In the screening of radiomics features, histogram features and GLCM features accounted for a larger proportion. The possible reason for this was that the histogram and GLCM features were more related to the biological information of the tumor than were other features. In the comparison of histogram features, GLCM features, and GLRLM features, Ryu et al. (40) found that the entropy in GLCM features showed good diagnostic performance in distinguishing high- and low-grade gliomas and grade III and IV gliomas (AUC of 0.83 and 0.94, respectively), which was better than its histogram features and GLRLM features. Meanwhile, Qin et al. (41) found that entropy was significantly related to the glial fibrillary acidic protein (GFAP) expression of glioma cells, which is the specific marker related to the malignant degree of gliomas. It was further reported that as the expression of GFAP decreased, and the degree of tumor malignancy increases (42). This finding indicates that entropy could reflect the degree of tumor malignancy.
Recently, deep learning based on radiomics has become the preferred methodology to substantially improve the performance of existing machine learning algorithms and has shown good applied prospects in tumor diagnosis and prognosis prediction. For example, Park et al. (43) established a fully automated hybrid model for IDH status prediction that was based on two-dimensional (2D) tumor images and radiomic features from 3D tumor shape and loci. Their model achieved accuracies of 78.8–93.8% and an AUC of 0.86–0.96. Bangalore Yogananda et al. (44) developed a highly accurate, MRI-based, deep learning IDH classification network using only T2-weighted MR images. Their network achieved a mean cross-validation testing ACC of 97.4%, representing an important milestone toward clinical translation. Karabacak et al. (45) predicted the diagnostic performance of glioma IDH mutations by combining the Bayes theorem with deep learning. With a known pretest probability of 80.2%, the Bayes theorem yielded a posttest probability of 97.6% and 96.0% for a positive test and 27.0% and 30.6% for a negative test for the training sets and validation sets, respectively. Although deep learning based on radiomics has shown excellent performance for predicting IDH status, deep learning requires more training samples compared to conventional machine learning approaches. This issue is a challenge for practical use.
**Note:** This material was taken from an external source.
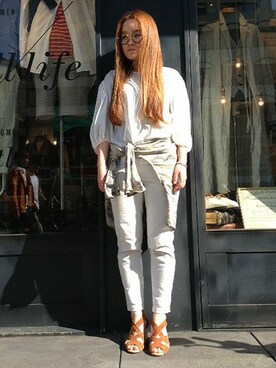 「Johnbull Private labo（ジョンブルプライベートラボ）の3/4トラウザー（その他パンツ、ホワイト系）」を使った、Johnbull Private laboさん（メンズ・175cm）の春コーディネート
Radiomics has significant obstacles when it is applied to clinical implementation. First, powerful tumor segmentation is a major challenge for radiomics. Second, for radiomic features, a major cause of limited reproducibility is the lack of a standard method for the computation of intensity features. Therefore, radiomics has not been well applied to the clinical diagnosis of brain tumors. To generate convincing results regarding the potential clinical value of radiomics as a practical tool, we must consider larger patient cohorts and the variety of technical infrastructure at different centers. However, there are few relevant studies on the generalizability of radiomics models. The proof of generalizability must be carried out in a test set with a different similarity to the training set. In our study, we attempted to simulate the feasible clinical scenario in which a training model was developed on one data set and applied to data sets from another data center.
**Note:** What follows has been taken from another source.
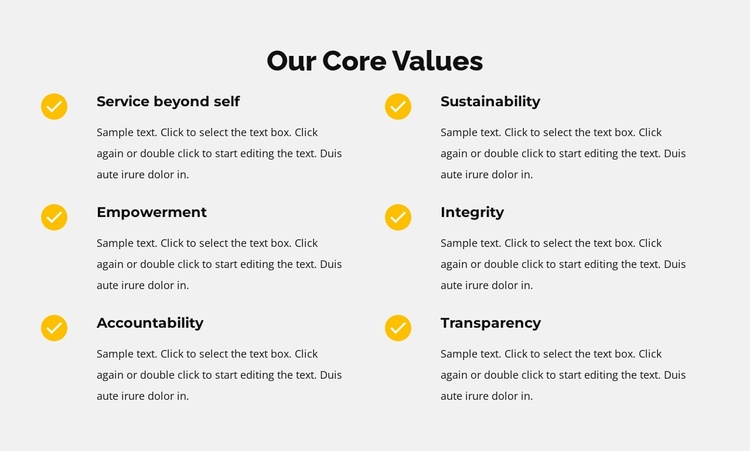 Our core values in list Website Template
Our study had several limitations that could be improved in future research. First, this was a retrospective study with a relatively limited sample size. A larger dataset is necessary to improve the reliability and clinical application of this radiomics study. Second, the number of samples in the training set was not balanced, and the results may be biased. Third, we only explored the classification of gliomas according to IDH genotype, and for the sake of ACC, the effects of other molecular derivatives on gliomas should be explored.
Conclusions
We demonstrated that radiomics models could accurately predict IDH mutation status on different datasets from multiple centers. This means that the radiomics model has good stability and generalizability in clinical practice.
Acknowledgments
Funding: This work was supported by the National Nature Science Foundation of China (Nos. 61971413 and 62271481), the Youth Innovation Promotion Association of Chinese Academy of Sciences (CAS) (No. 2021324), the Jinan Innovation Team (No. 2018GXRC017), and the Taishan Scholars Project (No. tsqn201812147).
Footnote
Reporting Checklist: The authors have completed the STARD reporting checklist. Available at https://qims.amegroups.com/article/view/10.21037/qims-22-836/rc
Conflicts of Interest: All authors have completed the ICMJE uniform disclosure form (available at https://qims.amegroups.com/article/view/10.21037/qims-22-836/coif). The authors have no conflicts of interest to declare.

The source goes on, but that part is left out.